THE OTHER TRADITIONAL BROADCASTING medium, television, is quite naturally prime territory for error-hunting – especially the 24-hour news cable outfits. As Africa has gotten to be a more and more frequent focus for CNN’s reporting, even in the US domestic service nowadays, you’d think fundamental mistakes in geography would be high priorities for the network to avoid.
So how in the world might we explain this? When Somali-based al-Shabaab terrorists attacked Kenya’s Garissa College in April, CNN sensibly got Arnolda Shiundu, spokeswoman for Kenya’s Red Cross, live on the phone. However, their on-screen labeling said she was reached in the capital city, Nairobi – – accurate enough in itself, but they astonishingly placed Kenya’s capital in the wrong country … in Nigeria.
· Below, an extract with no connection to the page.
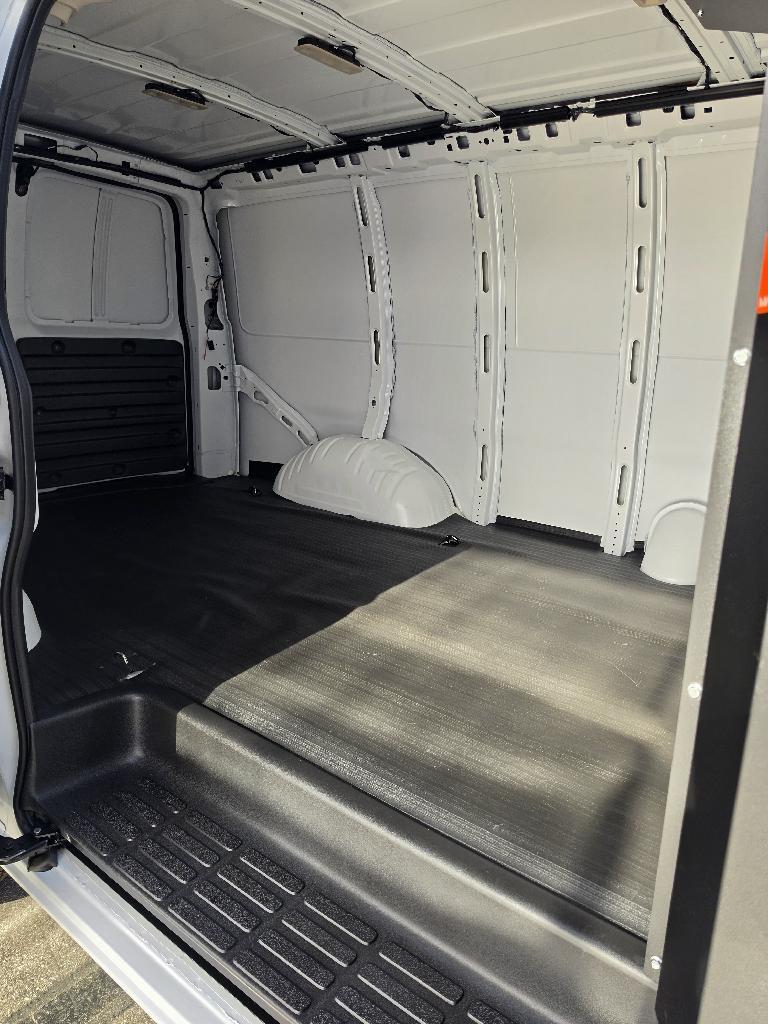 2026 Chevrolet EXPRESS G2500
In this instance I saw NO correction or apology, just a not-especially-hurried replacement of the offending caption, plus silence. It became more grist to the mill of many, many Kenyan complaints about CNN, some warranted, some not, that have gathered mass under the regionally trending hashtag #SomeoneTellCNN
SOME ERRORS DO JUST HAPPEN because of mishearing. The Texas Tribune had this possible example of just that:
EDITOR’S NOTE: An earlier version of this story incorrectly quoted U.S. Senator Ted Cruz saying that President Obama could have “told the American people that he hurt them.” Cruz said Obama could have “told the American people that he heard them.”
While I say that it might have been a case of mishearing, I guess it might have been Ted Cruz’s own wishful-thinking.
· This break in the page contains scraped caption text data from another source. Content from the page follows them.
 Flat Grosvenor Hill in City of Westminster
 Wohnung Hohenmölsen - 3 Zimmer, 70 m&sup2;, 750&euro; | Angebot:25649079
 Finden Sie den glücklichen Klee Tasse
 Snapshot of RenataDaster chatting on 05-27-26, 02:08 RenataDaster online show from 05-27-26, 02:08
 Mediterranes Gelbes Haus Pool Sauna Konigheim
CANADIANS ARE SAID to be among the politest nations in the world. So I was bound to really feel for the editors of the Ottawa Citizen.
APOLOGY: The Ottawa Citizen wishes to apologize for our apology to Mark Steyn, published October 22nd. In correcting the incorrect statements about Mr Steyn published October 15th, we incorrectly published the incorrect correction. We accept and regret that our original regrets were unacceptable, and we apologize to Mr Steyn.
It seems merciless in its self-flagellation, doesn’t it? Or then again, do I detect the faintest hint of Canadian irony?